カタチとしては絵本なのだが、いわゆる「絵本」に入っているはずの夢や希望や明るさや善意や教訓といったものは、ここには一切ない。夢というよりも、悪夢。希望というよりも、絶望。明るさというよりも、薄暗さ。善意というよりも、悪意。教訓というよりも、無意味。そんなものが詰まっている。
たとえば、右ページに、雪に半分埋もれた大ぶりなトランクの絵がある。細い線でカリカリと描かれたモノクロームの、なにやらいわくありげなトランクの絵。トランクの蓋は閉まっている。
左ページには、It was in the trunk Presumably.という原文と、その和訳がある。
〈さっするに/トランクの/なか。〉
それだけ。それだけなのに、というか、それだけだからこそ、読者は想像力をかき立てられる。いうにいわれぬ不穏な空気が漂う。よく見ると、トランクを閉じるベルトが片方、外れかかっていたりするではないか。

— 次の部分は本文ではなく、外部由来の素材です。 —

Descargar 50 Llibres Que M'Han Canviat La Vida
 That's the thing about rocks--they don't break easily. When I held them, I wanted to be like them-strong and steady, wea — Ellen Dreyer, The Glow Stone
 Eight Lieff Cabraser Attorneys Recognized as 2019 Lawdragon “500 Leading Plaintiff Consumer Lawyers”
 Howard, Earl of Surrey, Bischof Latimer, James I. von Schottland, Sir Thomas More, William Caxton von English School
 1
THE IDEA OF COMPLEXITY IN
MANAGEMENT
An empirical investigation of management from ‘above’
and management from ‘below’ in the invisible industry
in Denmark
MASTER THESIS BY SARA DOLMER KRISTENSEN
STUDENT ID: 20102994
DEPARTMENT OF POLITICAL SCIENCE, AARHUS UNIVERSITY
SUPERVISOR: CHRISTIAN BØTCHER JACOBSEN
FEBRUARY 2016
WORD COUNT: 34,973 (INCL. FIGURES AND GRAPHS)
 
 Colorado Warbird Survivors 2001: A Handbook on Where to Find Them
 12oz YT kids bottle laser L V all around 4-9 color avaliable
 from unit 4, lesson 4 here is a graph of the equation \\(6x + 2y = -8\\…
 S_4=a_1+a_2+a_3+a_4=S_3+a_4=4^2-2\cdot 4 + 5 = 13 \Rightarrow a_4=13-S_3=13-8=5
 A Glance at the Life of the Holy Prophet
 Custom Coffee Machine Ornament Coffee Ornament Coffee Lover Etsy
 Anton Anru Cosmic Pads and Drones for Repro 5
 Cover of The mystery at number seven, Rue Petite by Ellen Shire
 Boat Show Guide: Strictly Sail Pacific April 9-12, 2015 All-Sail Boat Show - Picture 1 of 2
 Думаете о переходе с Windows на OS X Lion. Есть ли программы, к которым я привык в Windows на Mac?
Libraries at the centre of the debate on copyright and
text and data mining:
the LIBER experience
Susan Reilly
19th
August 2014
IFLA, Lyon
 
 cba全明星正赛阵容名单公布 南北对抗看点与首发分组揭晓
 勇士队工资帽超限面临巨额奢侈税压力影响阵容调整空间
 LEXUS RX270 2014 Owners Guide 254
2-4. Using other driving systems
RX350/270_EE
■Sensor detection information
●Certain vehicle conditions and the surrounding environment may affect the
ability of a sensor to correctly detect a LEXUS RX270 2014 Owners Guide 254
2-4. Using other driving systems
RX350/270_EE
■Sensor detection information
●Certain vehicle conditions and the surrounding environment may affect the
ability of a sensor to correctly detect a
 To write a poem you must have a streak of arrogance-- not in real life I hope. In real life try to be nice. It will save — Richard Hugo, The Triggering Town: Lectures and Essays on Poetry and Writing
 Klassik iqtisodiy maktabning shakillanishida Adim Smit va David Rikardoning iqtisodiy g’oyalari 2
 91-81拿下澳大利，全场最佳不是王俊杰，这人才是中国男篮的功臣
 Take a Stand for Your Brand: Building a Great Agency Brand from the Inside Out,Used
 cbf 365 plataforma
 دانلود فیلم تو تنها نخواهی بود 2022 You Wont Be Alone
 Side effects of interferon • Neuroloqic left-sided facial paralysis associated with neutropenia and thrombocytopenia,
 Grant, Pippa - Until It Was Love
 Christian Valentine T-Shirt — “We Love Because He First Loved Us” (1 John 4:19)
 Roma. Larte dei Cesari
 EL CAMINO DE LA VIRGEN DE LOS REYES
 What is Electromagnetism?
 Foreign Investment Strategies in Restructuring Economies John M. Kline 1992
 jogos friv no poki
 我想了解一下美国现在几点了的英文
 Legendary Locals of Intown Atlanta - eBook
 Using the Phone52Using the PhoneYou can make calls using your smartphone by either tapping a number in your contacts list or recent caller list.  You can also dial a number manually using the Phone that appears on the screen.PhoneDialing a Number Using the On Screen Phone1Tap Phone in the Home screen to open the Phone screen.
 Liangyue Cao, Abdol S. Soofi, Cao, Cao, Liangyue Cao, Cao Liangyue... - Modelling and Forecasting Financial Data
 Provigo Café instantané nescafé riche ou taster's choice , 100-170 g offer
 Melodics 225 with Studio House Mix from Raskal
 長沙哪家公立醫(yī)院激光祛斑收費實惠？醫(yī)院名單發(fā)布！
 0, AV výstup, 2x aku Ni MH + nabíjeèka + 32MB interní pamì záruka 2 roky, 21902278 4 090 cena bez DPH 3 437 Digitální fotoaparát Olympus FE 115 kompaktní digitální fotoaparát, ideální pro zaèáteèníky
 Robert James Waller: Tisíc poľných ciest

という仕組みで、見開き完結の26話がある。26というのはアルファベットの数。Aから順にZまで26の「副詞」がフィーチャーされている。このトランクの話は16番目の「P」で、Presumablyという副詞が使われている。
エドワード・ゴーリーは「迷ったら、アルファベットをやる」という人だった(2000年、75歳で死去)ようで、ほかにいくつも文章と絵によるアルファベット・ブックを出しているが、なかでも本書は、訳者、柴田元幸が「あとがき」で書いているように「数あるゴーリー作品のなかでも屈指の傑作」である。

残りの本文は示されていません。